*WHAT IS BEING ASKED*: Copy word for word the lines in the records below, starting at the line with "BÁN NHÀ LINH" and ending at the line with "Hotel Kyriad Cap". Skip the pictures.

Data excerpts:
____________________

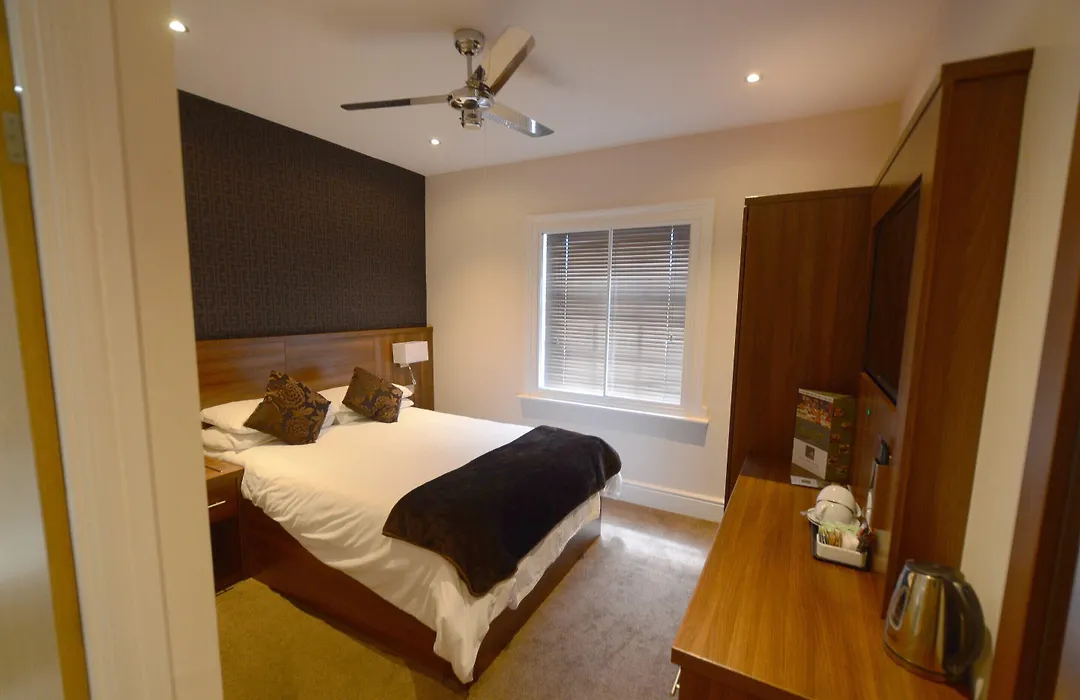 The Harboro Hotel-1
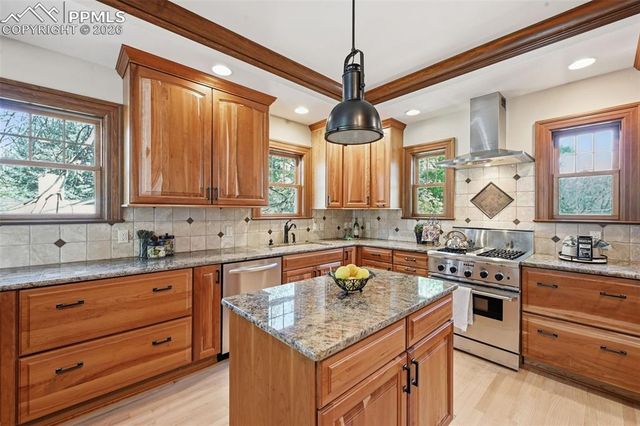 1411 Mesa Avenue, Colorado Springs, CO 80906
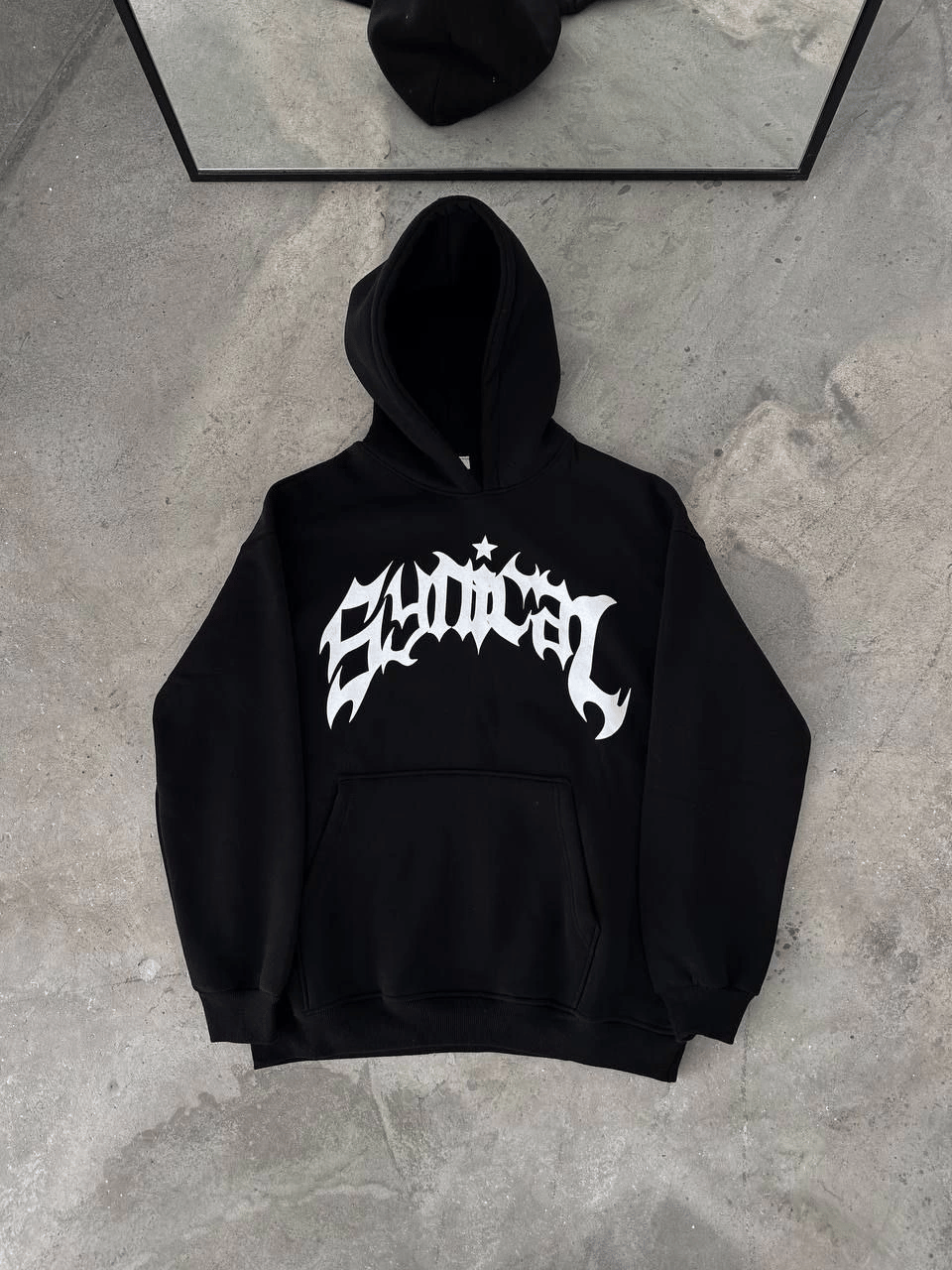 Kışlık Kapüşonlu Baskılı Oversize SweatShirt- Siyah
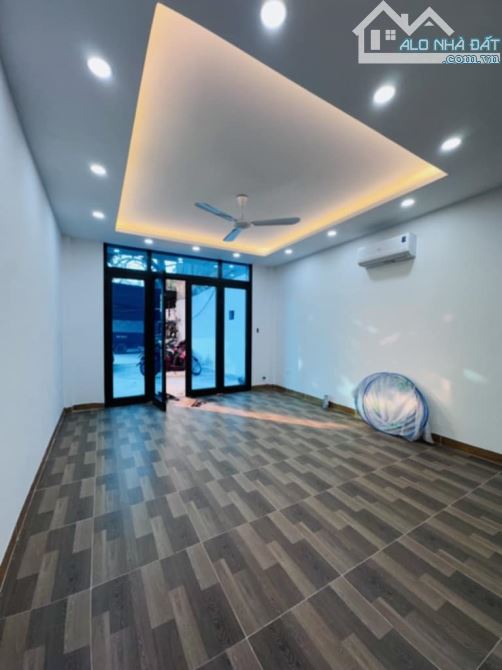 BÁN NHÀ LINH ĐÀM 6 TẦNG Ô TÔ ĐỖ CỬA NHÀ MỚI THANG MÁY 73M2 MT 5M - 1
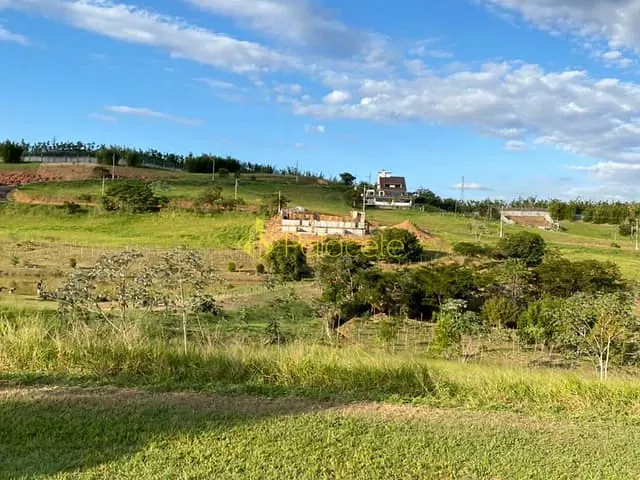 Terreno com 1036m², à venda, no bairro Condominio Village da Serra em Tremembé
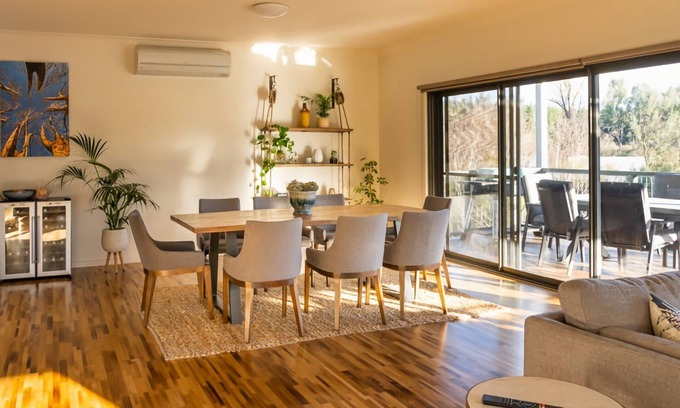 Porepunkah Haus | Streamside Retreat - Located in Porepunkah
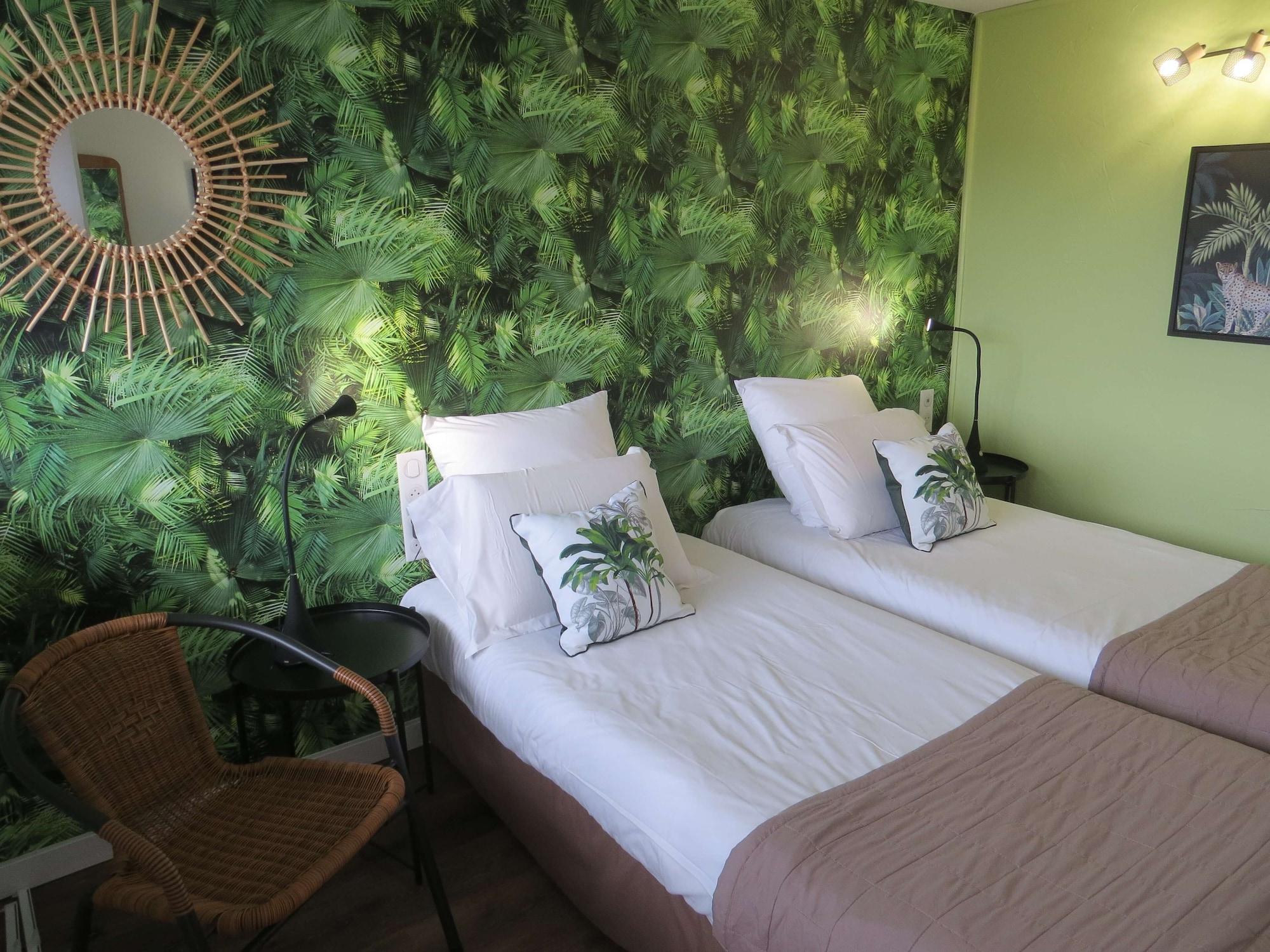 Hotel Kyriad Cap Sud Avignon Bagian luar foto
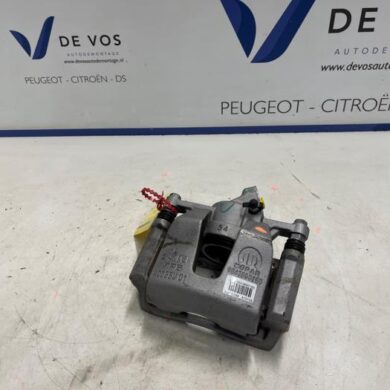 Citroen C3  Remklauw (Tang) links-voor 2025 9862989380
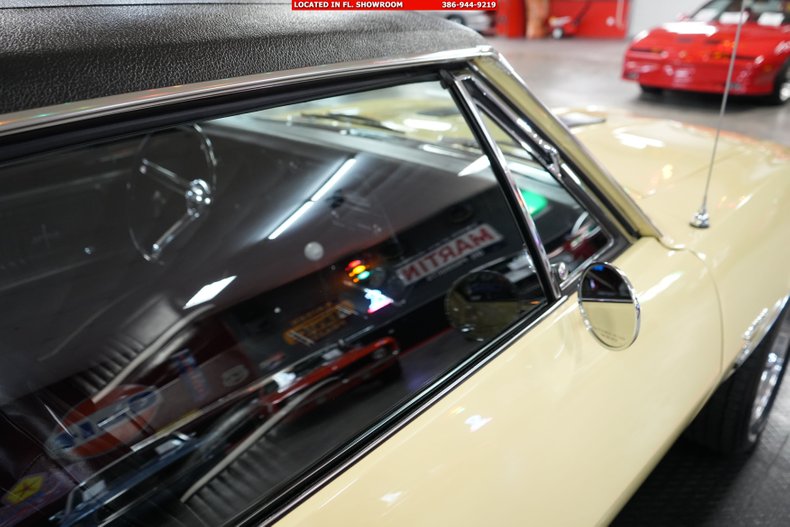 Unknown-Camaro-1967-Butternut-Yellow-Black-17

____________________

*ANSWER BELOW*:
 BÁN NHÀ LINH ĐÀM 6 TẦNG Ô TÔ ĐỖ CỬA NHÀ MỚI THANG MÁY 73M2 MT 5M - 1
 Terreno com 1036m², à venda, no bairro Condominio Village da Serra em Tremembé
 Porepunkah Haus | Streamside Retreat - Located in Porepunkah
 Hotel Kyriad Cap Sud Avignon Bagian luar foto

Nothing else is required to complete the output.